Le 5 du mois d’iyar 5708, selon notre calendrier, fondé sur la Création (14 mai 1948), au moment où fut proclamée la fondation de l’Etat d’Israël, le peuple juif eut le mérite d’accomplir le commandement de yichouv haarets, peuplement et édification de la terre d’Israël. Certes, avant cette date, chaque Juif qui habitait la terre d’Israël accomplissait déjà une mitsva en y résidant ; comme le disent nos sages : « En toute circonstance, on se doit d’habiter la terre d’Israël, même en une ville peuplée majoritairement d’idolâtres, et l’on n’habitera pas une terre étrangère, même en une ville peuplée majoritairement de Juifs. Car quiconque habite la terre d’Israël paraît avoir un Dieu ; et quiconque habite en terre étrangère paraît ne pas avoir de Dieu » (Ketoubot 110b). Mais dans son fondement, la mitsva repose sur le peuple d’Israël pris collectivement, et a pour objet le fait que le pays soit sous souveraineté juive ; tandis que la mitsva d’habiter le pays, incombant à chaque particulier, constitue une branche de cette mitsva générale, laquelle incombe à la collectivité du peuple juif.

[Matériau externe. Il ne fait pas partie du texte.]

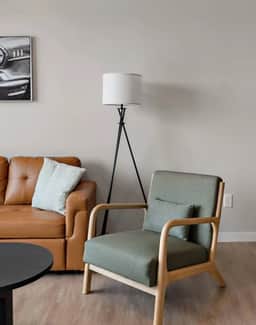 Chic Downtown Condo w/ Gym by Traveller's Comfort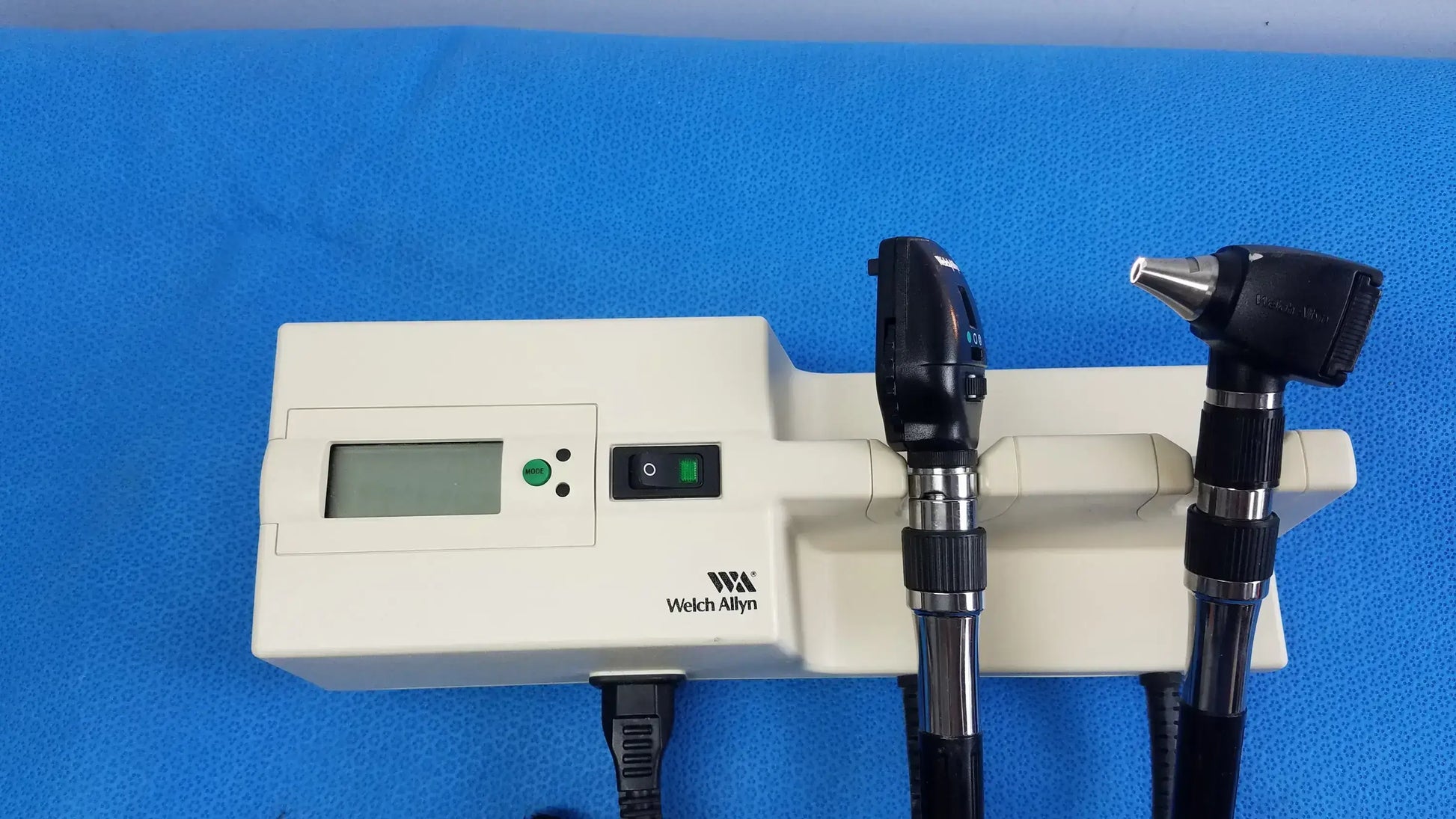 Welch Allyn 767 Series Wall Transformer With Otoscope & Ophthalmoscope Heads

C’est à ce propos qu’il est dit : « Vous hériterez du pays et vous y établirez, car c’est à vous que Je donne le pays en héritage » (Nb 33, 53). Le terme horachtem (« vous hériterez ») dénote ici la conquête et la souveraineté, tandis que viychavtem (« vous vous y établirez ») vise le fait de peupler et d’édifier le pays, de sorte qu’il ne soit pas une solitude. Il est dit, dans le même sens : « Vous en hériterez et vous y établirez » (Dt 11, 31). Na’hmanide définit ainsi la mitsva : « Il nous est ordonné d’hériter du pays que Dieu – qu’Il soit glorifié – a donné à nos ancêtres, Abraham, Isaac et Jacob, et de ne pas l’abandonner entre les mains d’autres peuples, ni de le laisser dépeuplé » (notes sur Maïmonide, Séfer Hamitsvot, mitsva positive 4).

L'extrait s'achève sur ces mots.